San Juan to wyspa, a Friday Harbor to jedyne na niej większe osiedle. Mieszka tu nieco ponad 2 tys. osób. Większość z nich pracuje w państwowych instytucjach. I to oni rok temu zgodzili się na propozycję pracodawcy – 32 zamiast 40 godzin tygodniowej pracy.
Zostało to nieco inaczej sformułowane: dodatkowy, płatny dzień wolny w tygodniu, który można sobie dowolnie wykorzystać. Brzmi jak bajka, prawda? Taka propozycja nie dotyczyła jednak wszystkich. Władze hrabstwa uznały, że taki system można wprowadzić jedynie w przypadku 155 stanowisk.
Reporterzy CNN odwiedzili wyspę w ubiegłym tygodniu. Chcieli sprawdzić, jak pracownicy oceniają ten rok w innych realiach pracy. Okazało się, że minusów...nie ma. Wszyscy jak jeden mąż podkreślali, że ten system krótszej pracy pozwolił im nie tylko docenić swój czas, pracują bardziej efektywnie i mają więcej wolnego dla swoich dzieci i rodziny.
Dane nie pozostawiają złudzeń. System się sprawdził. Władze hrabstwa poinformowały, że 32-godzinny tydzień pracy stał się magnesem dla nowych pracowników: liczba aplikacji wzrosła o ponad 85 procent, a wakatowe stanowiska są obsadzane o prawie 24 procent szybciej.
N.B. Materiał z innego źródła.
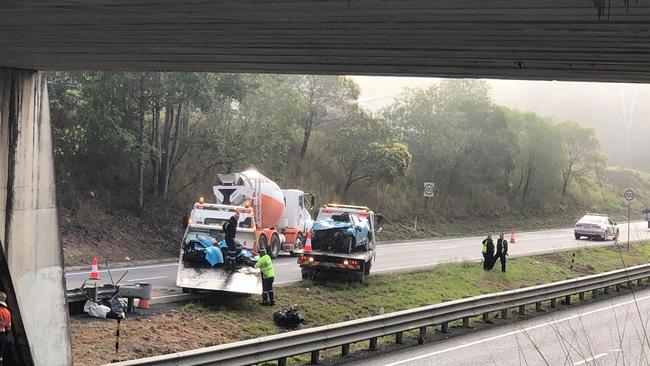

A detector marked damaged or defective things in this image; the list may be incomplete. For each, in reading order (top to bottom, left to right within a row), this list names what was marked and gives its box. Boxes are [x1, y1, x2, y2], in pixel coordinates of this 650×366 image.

damaged vehicle wreckage [294, 203, 380, 284]
blue wrecked vehicle [310, 210, 370, 253]
severely damaged car [310, 213, 370, 253]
Zmniejszyła się – o połowę - liczba chętnych do odejścia z pracy, w tym tych, którzy chcieli odejść na emeryturę.
Aż 84 procent pracowników stwierdziło, że od kiedy krócej pracują, to odczuli o wiele większą równowagę między życiem zawodowym a prywatnym. Wiele osób podkreśla, że nie odczuwają już takiego stresu jak wcześniej, przychodzą do pracy wypoczęci, zrelaksowani. Nie brak głosów, że w poniedziałek są „naładowani energią i mają głowę pełną nowych pomysłów” Co ciekawe, spadła też ilość zwolnień lekarskich.
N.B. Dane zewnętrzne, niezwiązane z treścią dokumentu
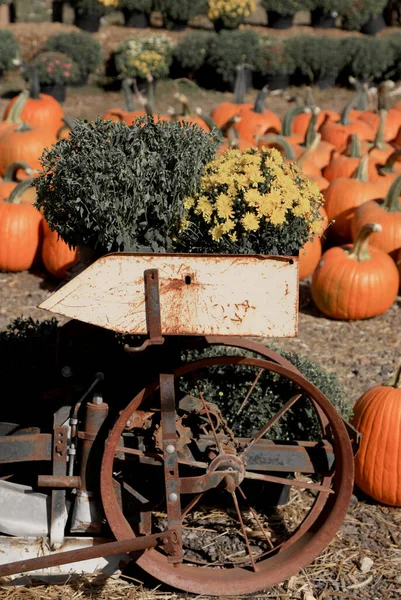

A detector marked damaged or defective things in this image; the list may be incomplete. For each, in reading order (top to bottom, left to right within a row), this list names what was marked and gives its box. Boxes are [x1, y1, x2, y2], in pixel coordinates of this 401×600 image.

rusty old wagon [0, 252, 358, 596]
Z analizy sraportu wynika, że wielu pracowników nie kryje zadowolenia też z oszczędności – nie muszą już wydawać dodatkowych pieniędzy na opiekę nad dziećmi jak było to wcześniej.
Ten system spodobał się także władzom oświatowym. Dzięki temu, że rodzice uczniów mają więcej czasu dla siebie i rodziny, to znajdują go również na różnego rodzaju akcje charytatywne, zajęcia dodatkowe, co – jak podkreślają władze – integruje lokalną społeczność.
To nie wszystko. Po skróceniu czasu pracy okazało się, że wzrosła też frekwencja na różnych imprezach sportowych i kulturalnych, na które przychodzą całe rodziny. Wcześniej, jeśli wiązało się np. z dalszą podróżą, musieli brać wolny dzień lub urlop.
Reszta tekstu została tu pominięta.